The decline in price pressures will actually give the PBoC the flexibility to consider looser monetary policy. Whether or not that will be needed hinges on the Chinese trade numbers. If exports remain strong and the trade surplus increases, the AUDUSD could extend its gains above 1.05. If, however, exports plunge and the surplus shrinks, this would mark the currency pair's third failed attempt to break through this key level.
Stronger Australian business confidence also helped to lift the AUD, but that took a back seat to Chinese data. The same will be true for the latest Australian consumer confidence numbers, which should affect the AUD less than the Chinese trade numbers.
Meanwhile, the New Zealand dollar rose to a six-week high against the US dollar on the back of the CPI numbers and a stronger increase in New Zealand house prices.
The Canadian dollar (CAD) held onto its gains after mixed housing market numbers. Housing starts increased more than expected, to 184K from 183.2K, but building permits dropped to 1.7% from 1.8%. The decline in Canadian job growth had only a temporary impact on the CAD, which is now close to recapturing all of last week's losses.
USD/JPY May Rest Before Running to 100
The USDJPY failed to make a run for 100 over the past 24 hours, but this does not mean the currency pair will not try again before the end of the week. We believe that it will only be a matter of time before this level is taken out.
As indicated here yesterday by my colleague, Boris Schlossberg, the pullback in USDJPY during the Asian trading session was caused by comments from Finance Minister Taro Aso. He said that "Excessive yen gain has been corrected," which traders interpreted to mean that Japanese officials may be trying to temper the rally. Mr. Aso then quickly changed his wording to "is correcting," suggesting that authorities in Japan are not yet fully satisfied with the exchange level.
Just to reinforce the notion, Koichi Hamada, an economic adviser to Prime Minister Shinzo Abe, said that a level of 98.00-100.00 for USDJPY would be good for the economy. However, after failing to mount a run at 100.00, USDJPY remained unmoved by Mr. Hamada's dovish rhetoric.
The minutes from the March Bank of Japan (BoJ) monetary policy meeting were also released overnight, and while a few members of the central bank expressed reservations about cutting overnight lending rates, these discussions were held under former BoJ Governor Shirakawa's watch, and not that of current BoJ Governor Haruhiko Kuroda.
British Pound (GBP) Mounts a Reluctant Rally
It was a mixed day for the British pound, which strengthened against the US dollar but weakened against the Euro and Japanese yen. UK economic reports were a mixed bag, with industrial and manufacturing production increasing, but the trade deficit widening at the same time.

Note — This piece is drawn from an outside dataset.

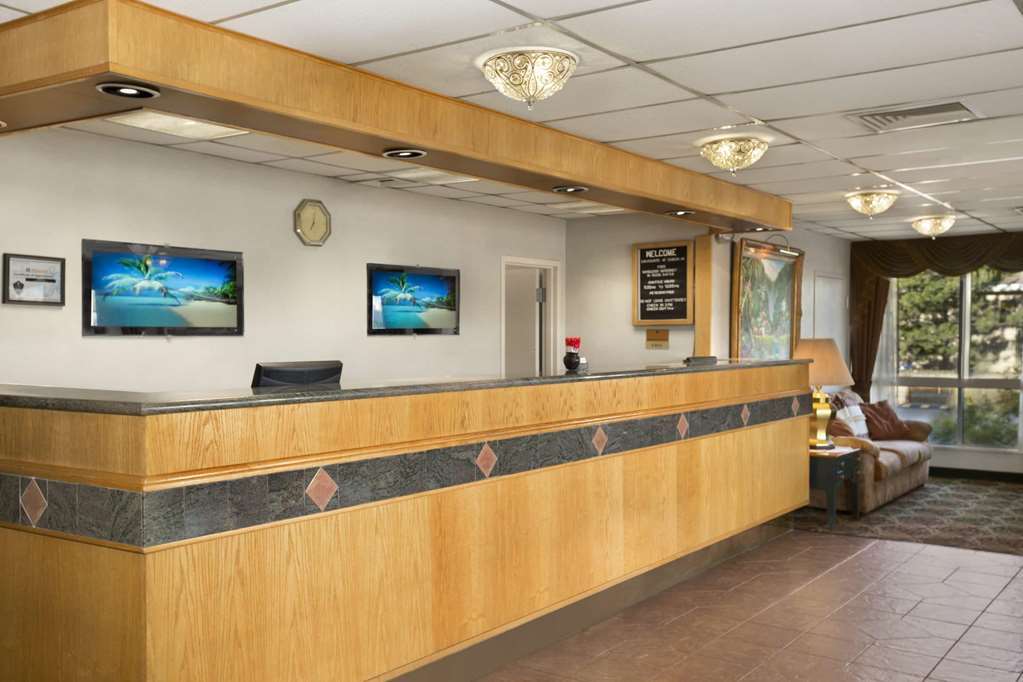 Ramada By Wyndham Grand Junction Hotell Interiør bilde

For sterling, the overall news was good enough to prevent a deeper correction in the GBPUSD, but it still points to a subdued outlook for the UK economy. The 1% increase in industrial production and 0.8% rise in manufacturing production failed to completely offset the larger decline experienced the month prior. The trade deficit also rose to its highest level in four months, increasing from GBP -8.168 billion to GBP -9.416 billion, and the details of the report showed a 2.1% decline in exports and 2.2% increase in imports.
Weaker external demand is bad news for the UK, but next month's report should be better because the decline in sterling during the months of February and March will actually help boost trade activity.
According to the National Institute of Economic and Social Research, GDP increased 0.1% in the month of March, the same pace of growth experienced the previous month. While this is a much-needed improvement, it has yet to offset the 0.3% decline in January. No major UK economic reports are schedule for release on Wednesday.